Menakar Polemik Biaya Penyelenggaraan Ibadah Haji 2023
Font: Ukuran: - +
Rektor UIN Ar-Raniry Banda Aceh, Prof Dr Mujiburrahman MAg. [Foto: Ist]
DIALEKSIS.COM - Muslim yang mendiami kepulauan Nusantara sejak abad ke 19 merupakan jamaah mayoritas yang setiap tahunnya mengunjungi Mekkah untuk menunaikan ibadah haji sebagai rukun Islam yang kelima. Berbeda dengan ibadah-ibadah rukun lainnya, penyelenggaraan dan pengelolaan ibadah haji sangatlah bergantung pada peran negara.
Bukanlah rahasia jika Arab Saudi yang menjadi penguasa kota suci Mekkah dan bertindak selaku pemegang otoritas pemelihara Ka’bah juga mengacu pada kualitas hubungan bilateral antara monarki tersebut dengan negara asal jamaah.
Turunannya adalah penentuan kuota dan hal-hal lain terkait pelayanan bagi pengunjung.
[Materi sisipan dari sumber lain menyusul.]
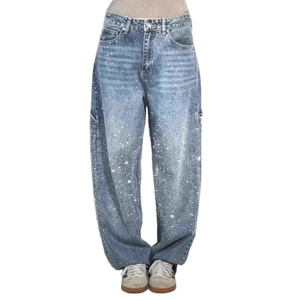 Nuovi <span class=keywords><strong>Jeans</strong></span> da <span class=keywords><strong>Donna</strong></span> a Vita Alta Traspiranti con Motivo a Diamante, Pantaloni Casual con Stampa a Stelle, Stile Semplice, Lavaggio Chiaro, Tessuto in Denim Lavorato a Maglia - Product Image 5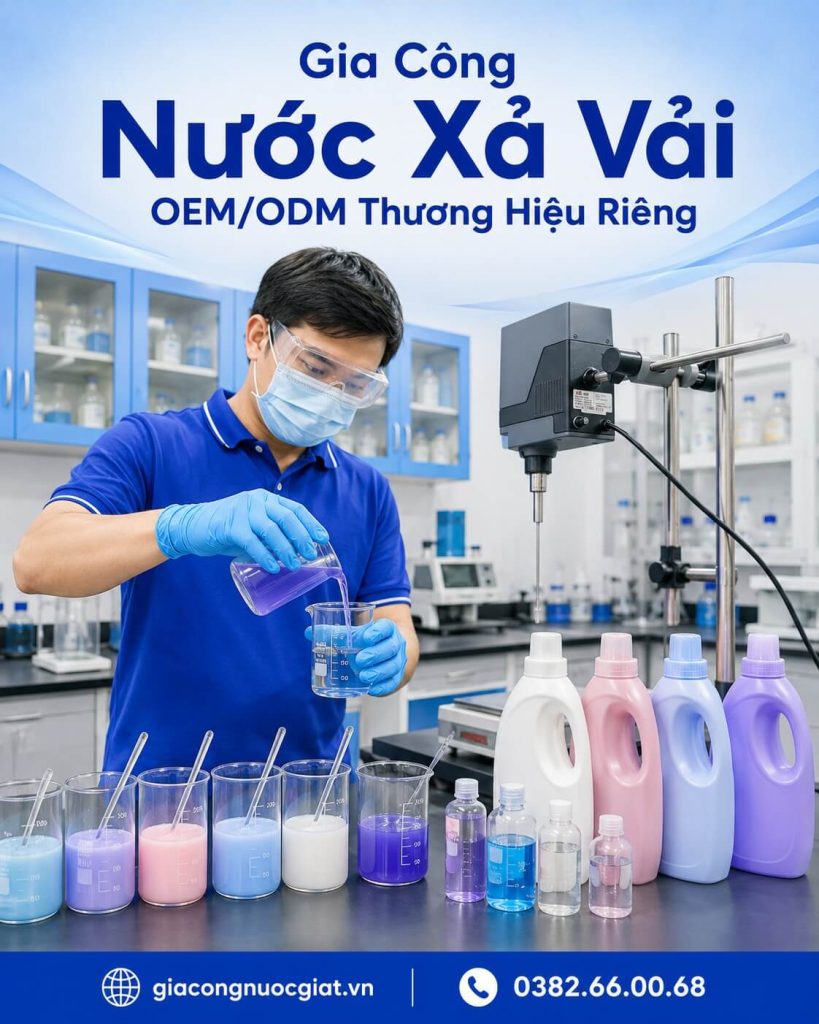 Sản xuất gia công nước xả vải OEM ODM tại nhà máy Hà Thành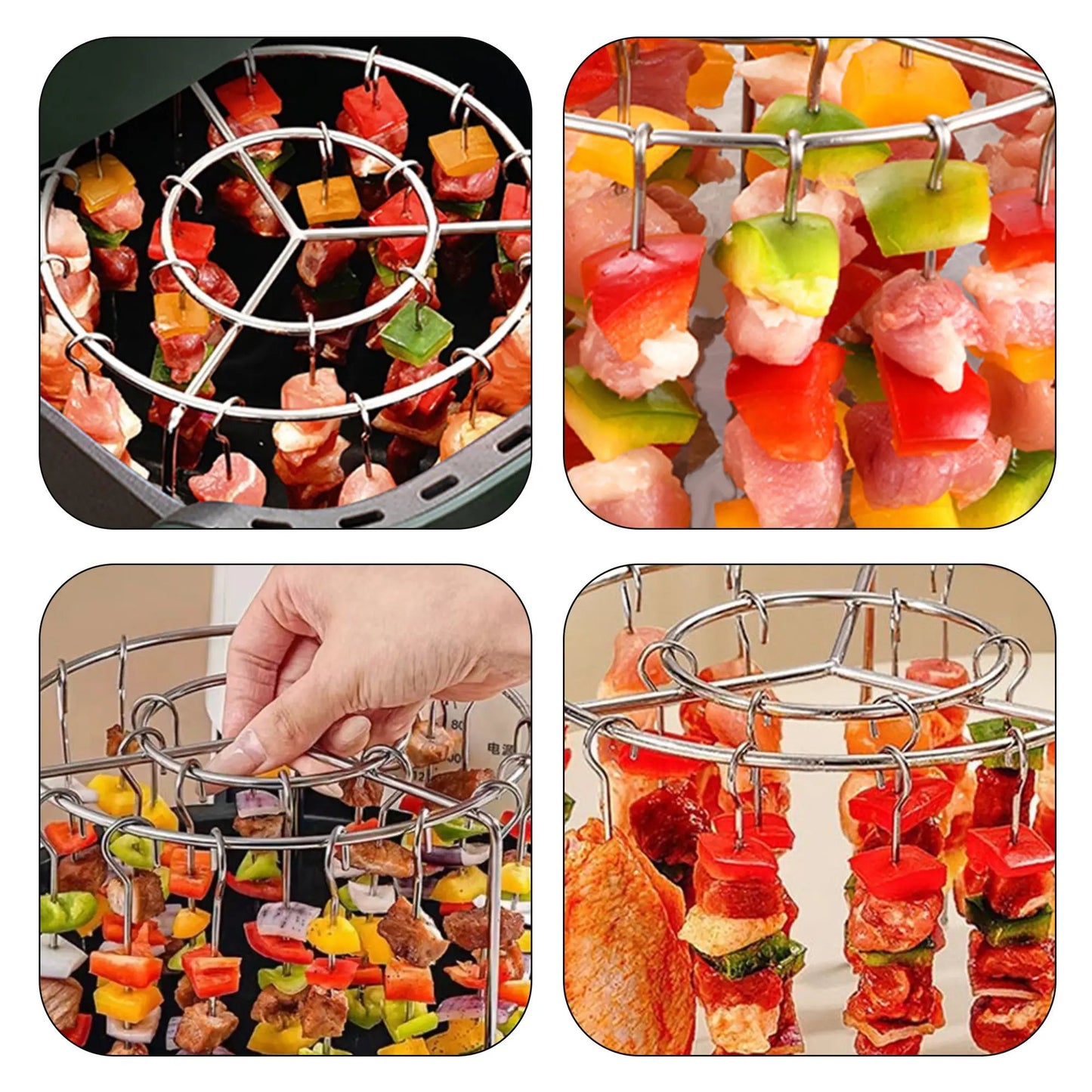 🔥 Last Day 49% OFF🍖2 Pack Stainless Steel Air Fryer Skewer Rack🥇360° No Flip Kabob Grill Stand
Hubungan diplomasi bilateral antara Indonesia dengan Arab Saudi terkait pelayanan jemaah haji dari Nusantara telah terjalin sejak era kolonial.
Transisi politik ke zaman kemerdekaan Indonesia, dilajutkan dengan berbagai era/orde pemerintahan serta konfigurasi dunia global hingga saat ini tidak pernah mengubah pentingnya posisi negara sebagai penyelenggara, penentu kebijakan pelaksanaan dan penjamin kualitas pelayanan jamaah haji dari Indonesia.
Poin ringkas di atas adalah mukaddimah untuk menggarisbawahi bahwa tidak ada yang berubah dari komitmen negara ini untuk memberikan pelayanan, pembinaan dan perlindungan bagi jemaah haji Indonesia termasuk dalam usulan besaran Biaya Penyelenggaraan Ibadah Haji (BPIH) tahun 2023 yang baru saja diajukan oleh Kementerian Agama (Kemenag) RI.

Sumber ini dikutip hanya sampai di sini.